日中社会保障協定とは?
(7年越しでついに署名。日中ともに実務へ影響あり。)
2018年6月
1.日中社会保障協定が署名
2011年に中国でも外国人の社会保険加入が義務化されて以来、懸案となっていた日中間の社会保険ですが、本年5月についに、日中社会保障協定が署名されました。(当該協定に関する外務省のHPは以下です。www.mofa.go.jp/mofaj/press/release/press1_000223.html)
2011年の中国での外国人社会保険加入義務化時は大騒ぎになり、私も社会保険のセミナー等を現地でやった思い出があるため、7年越しで合意にいたったと思うと感慨深いものがあります。
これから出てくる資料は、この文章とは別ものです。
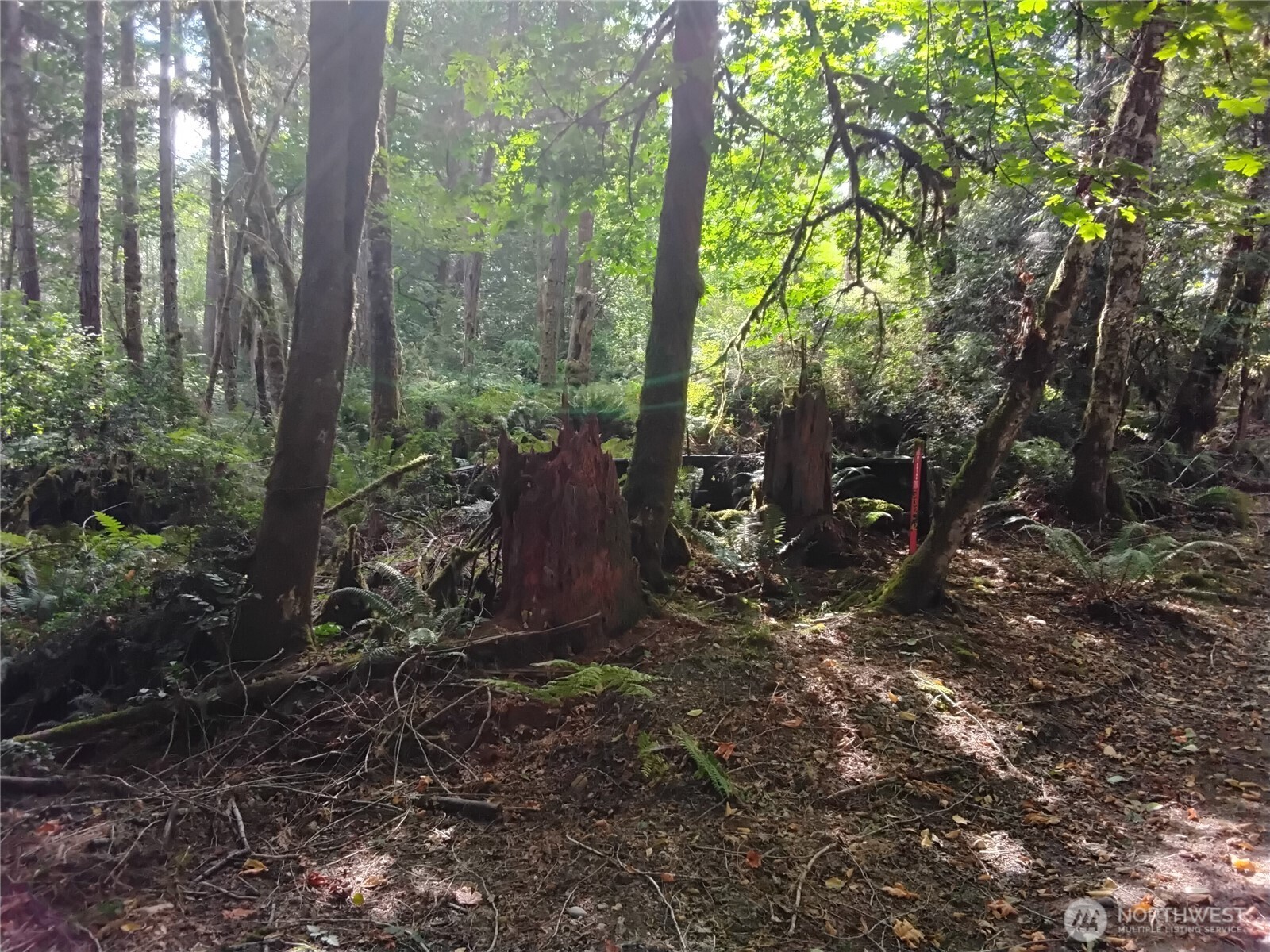 0 E Frontier Road Property Photo 27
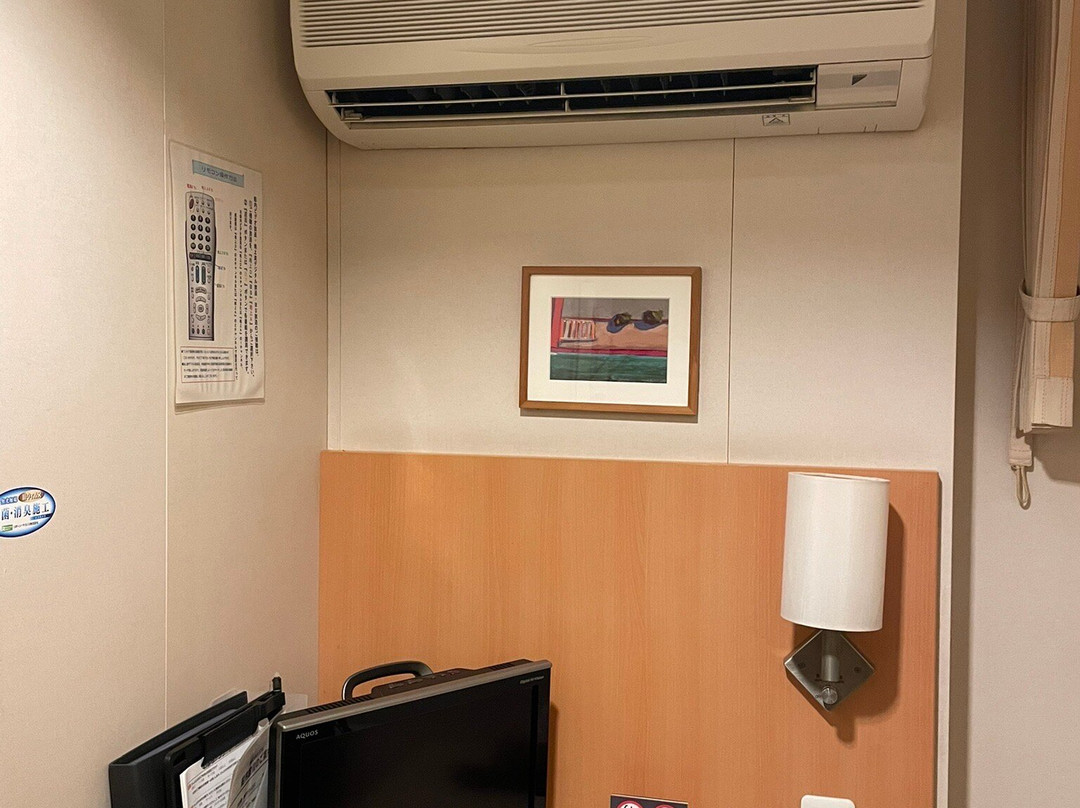 Ferry Sunflower-别府市必去景点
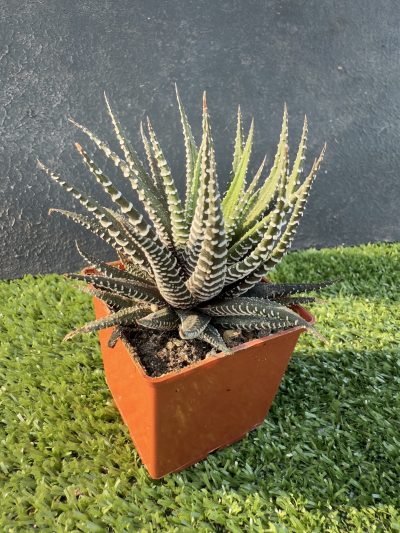 Haworthia fasciata - Зображення 3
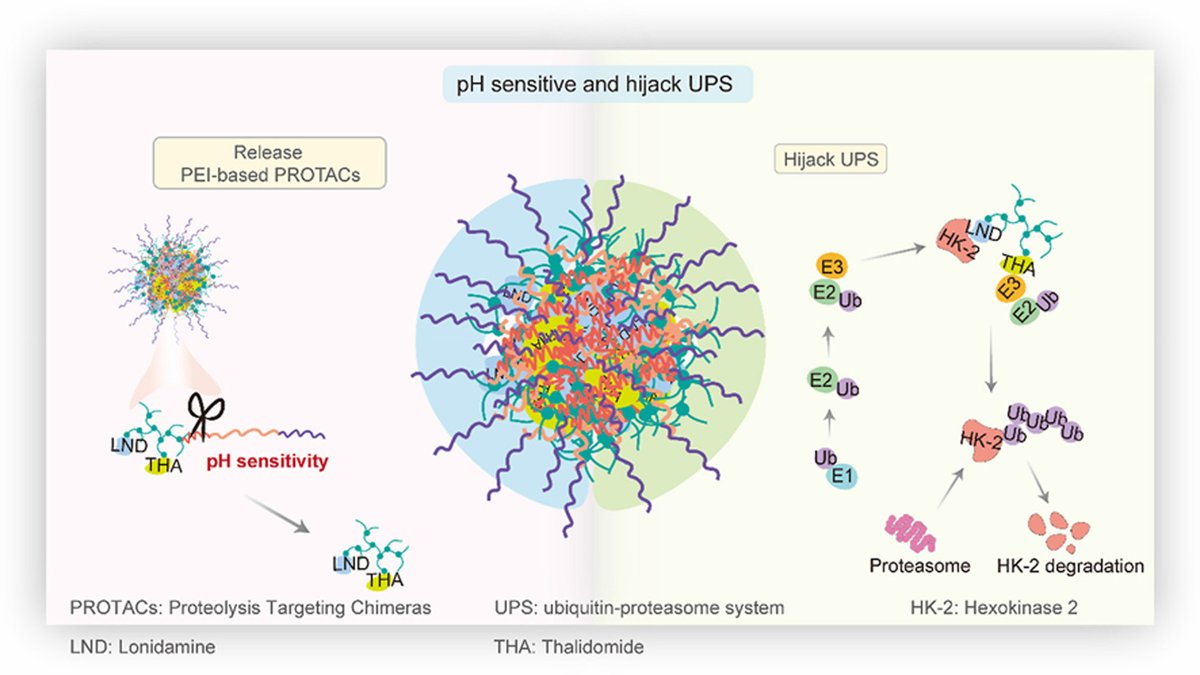 ActaPharmSinB's tweet photo. Article✍️#pH-#Activatable engineered #nanoparticle-based selective #hexokinase 2 #degrader provokes #GSDME-dependent #pyroptosis for #cancer therapy. From Dr. Liu @NorthwesternPolytechnicalUniversity;
https://t.co/xt6oX31Zdk. https://t.co/v43u6RiuzP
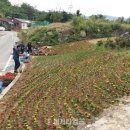 태장1동 행정복지센터 이미지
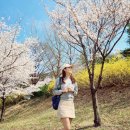 오정연 카카오 검색결과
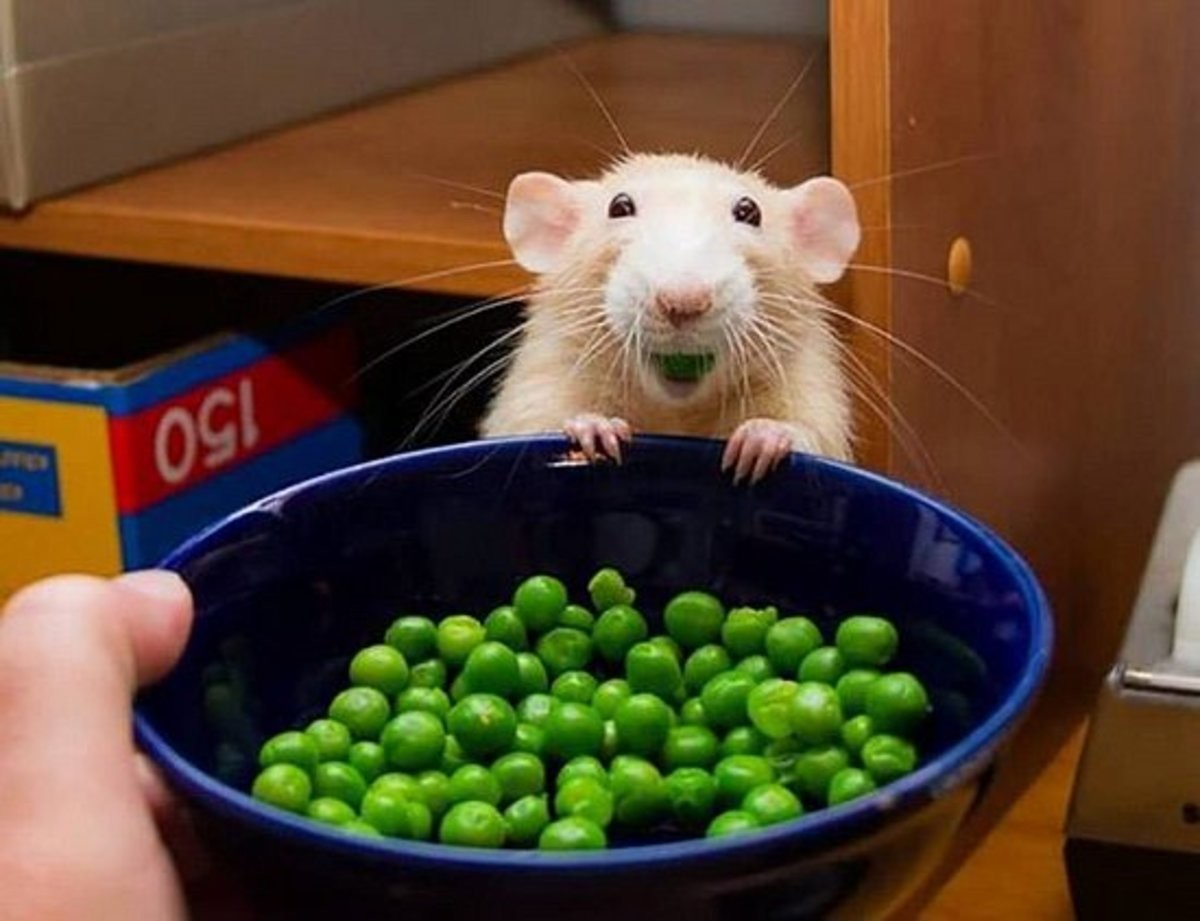Редиска хомякам можно. Крысы домашние. Крыса с овощами. Что едят мыши.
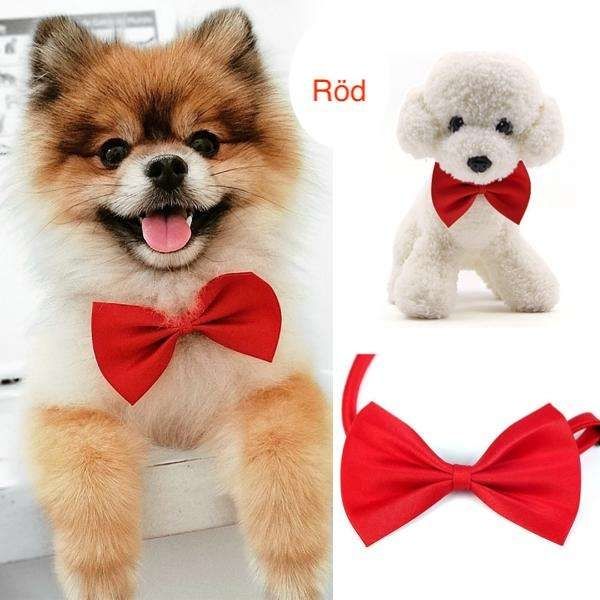 Christmas Dog Cat Bow Tie Collar, Red - Image 1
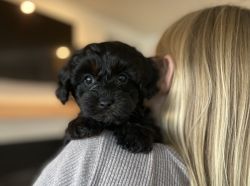 Cavapoo puppies looking for forever homes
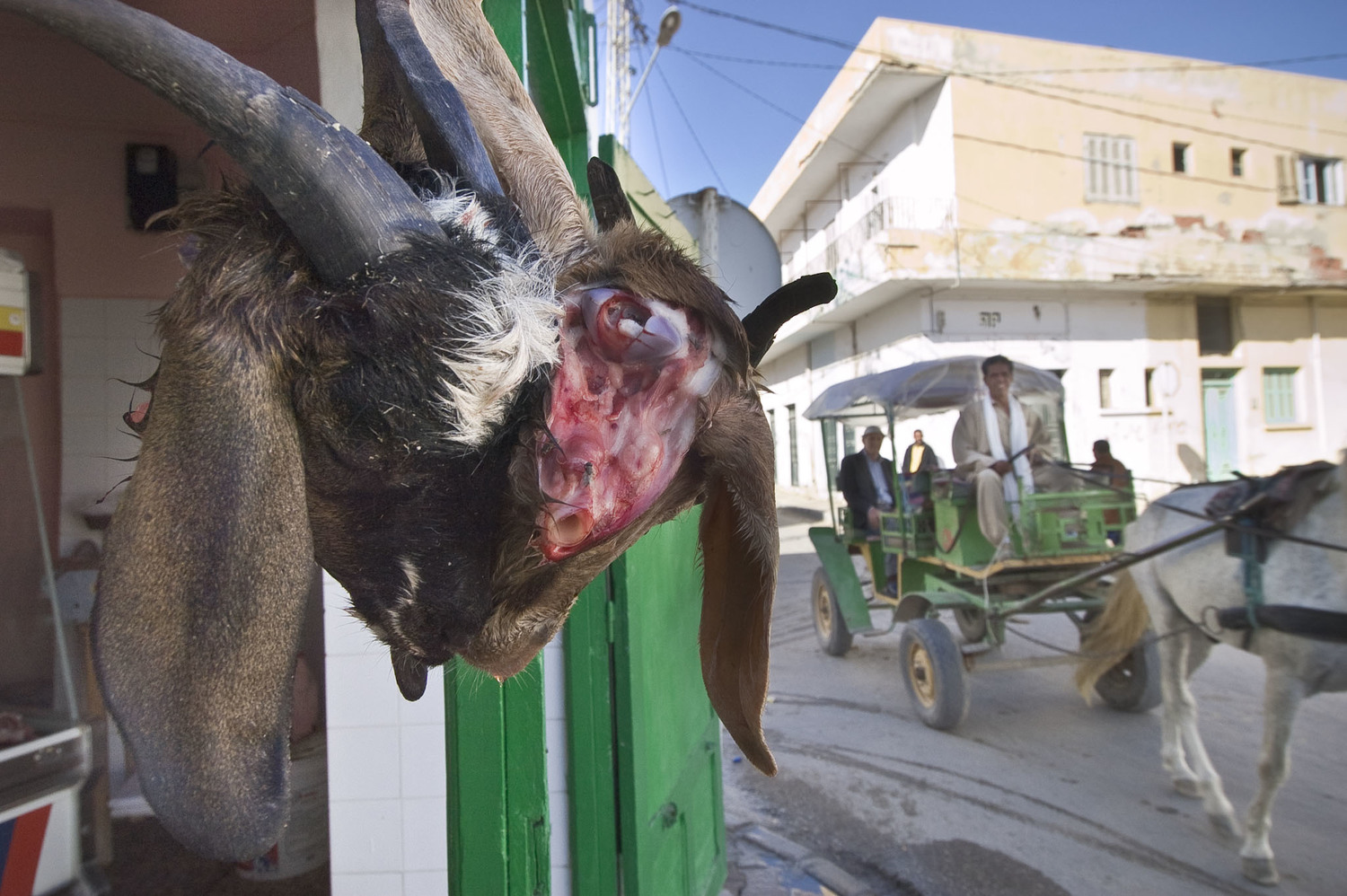 Butcher in Tunisia.jpg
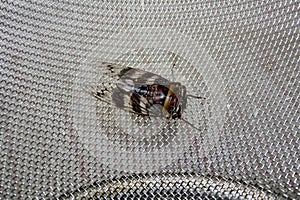 Cicada (Platypleura octoguttata) on wire mesh : (pix Sanjiv Shukla)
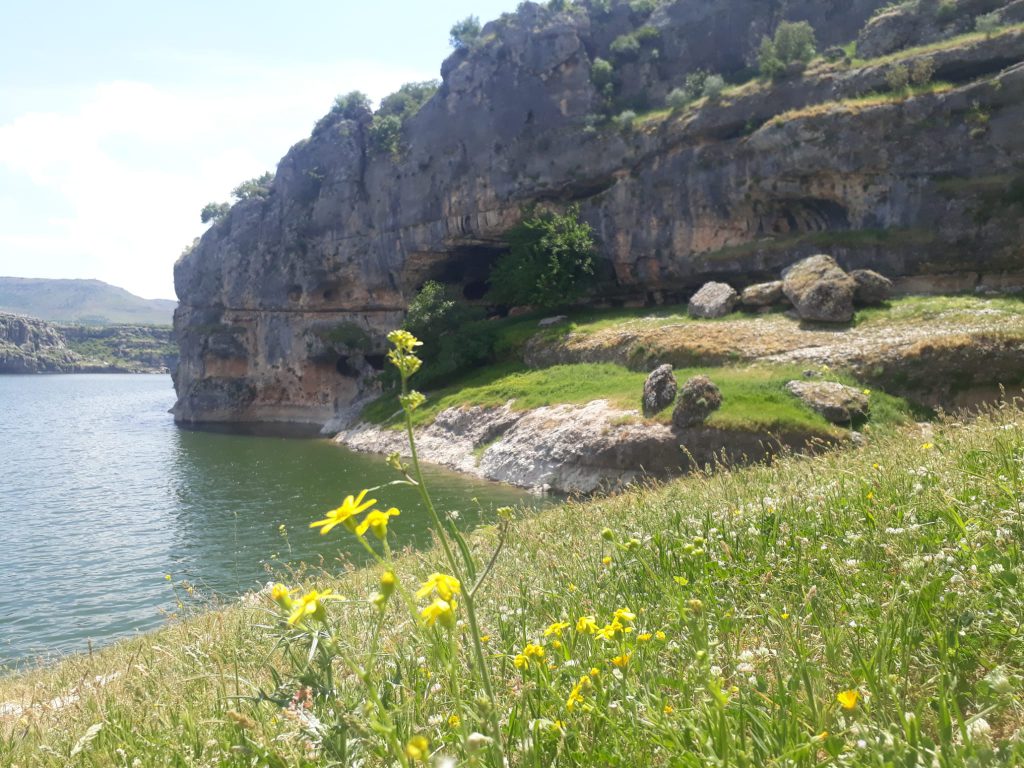 Blogger Ödevine İlişkin Görüşler-DEDO ASLAN by DEDO ASLAN - Illustrated by DEDO ASLAN - Ourboox.com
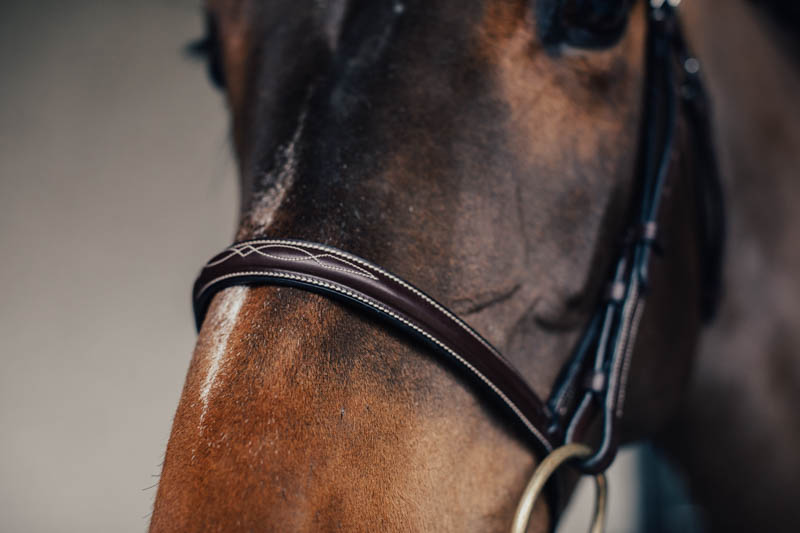 Träns Jakt m. Silverspänne & Flätad Tygel Cob Brun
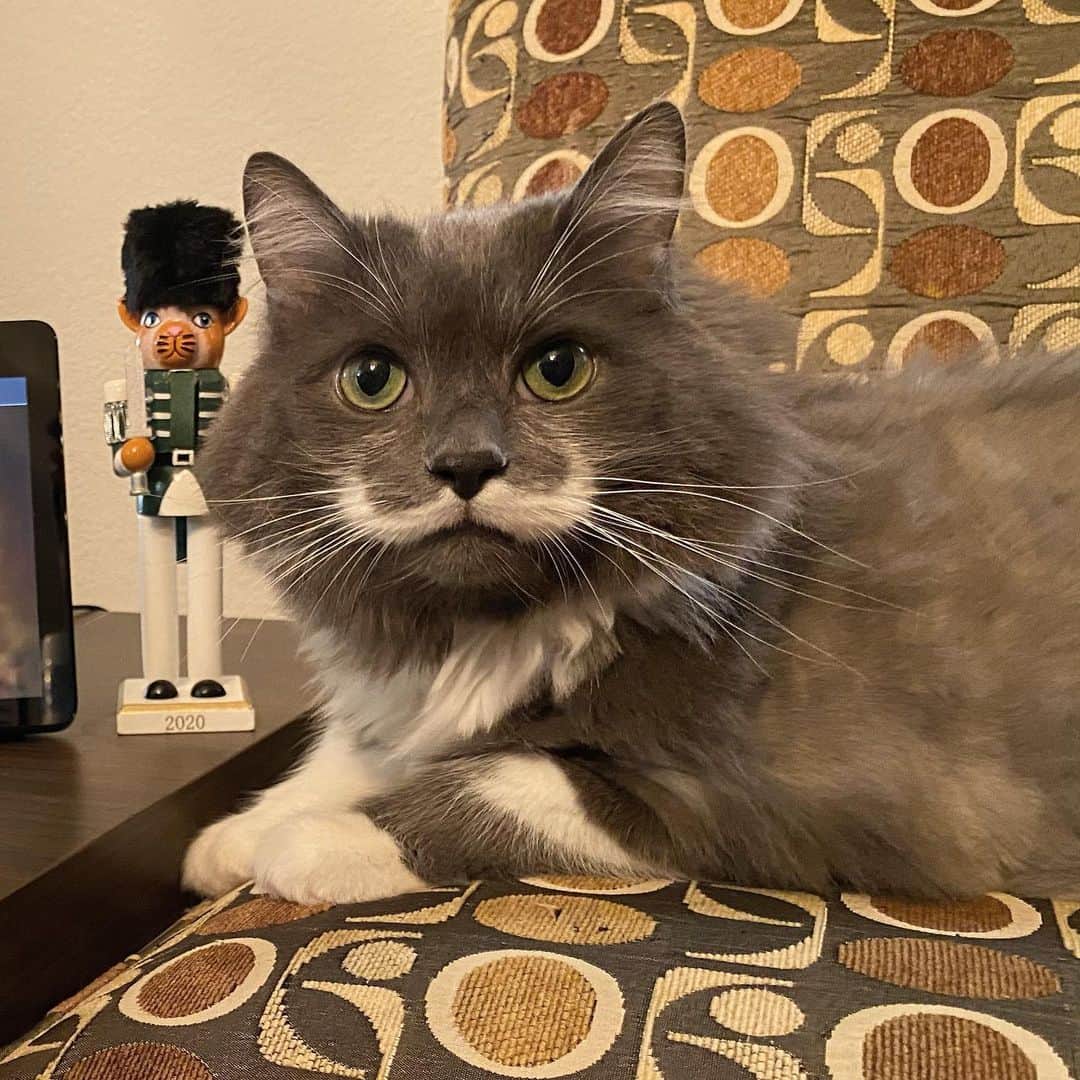 ハミルトンザ・ヒップスターキャットのインスタグラム：「It’s probably time to take down the Christmas decorations... Maybe the cat nutcracker can stay #mustachecat」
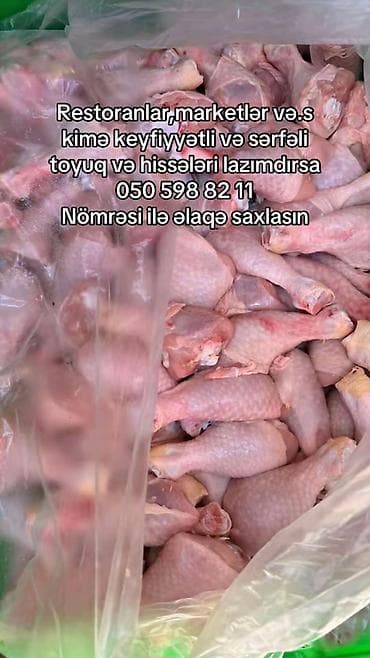 Topdan toyuq və toyuq hissələri - Restoranlar və marketlər üçün uyğun lalafo.az -da Topdan toyuq və toyuq hissələri - Restoranlar və marketlər üçün uyğun
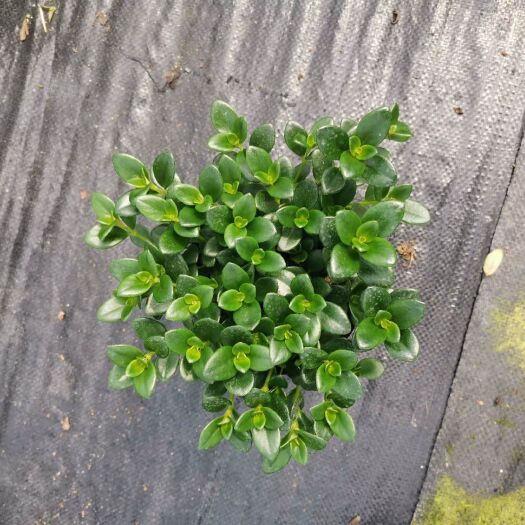 漳平市小宝宝金鱼草 140杯金鱼花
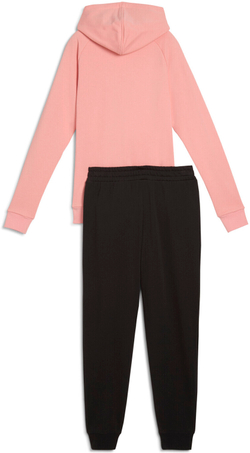 Костюм спортивный Puma Hooded Sweat Suit TR cl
2.そもそもの前提 日本は義務、中国は2011年より義務
当該制度の意味を考えるために、そもそもの前提を考えていきましょう。もともと、日本では外国人も社会保険に加入義務があり、日本の企業で中国人を雇用している場合は、日本の社会保険に加入していました。一方、中国では2011年の施行前は、外国人の加入義務はありませんでしたが、2011年に義務化されたため、外国人も中国の社会保険に加入することになりましたが(地域により運用差あり)、その場合、日本人駐在員は日本の社会保険に加入し続けるケースが多いため、二重加入の問題が生じていました。当該二重加入は、社会保障協定締結国なら年金部分については解消されるため、日中での社会保障協定の締結が待ち望まれていたのがこれまでの状況です。
3.発効すると・・・5年以内は母国での加入
協定署名後、国会で承認され発効となると駐在期間が5年以内であれば、中国での社会保険のうち年金部分の加入は不要で、日本での加入を継続できます。また、これは中国人が日本で就労する場合もしかりです。ゆえに、日中ともに実務的な影響はあり、5年超の方をどうするかなどの課題も今後出てくると思われます。また、日本で中国人を雇用している日本側の方が実務的な影響は大きいのではと個人的には考えています。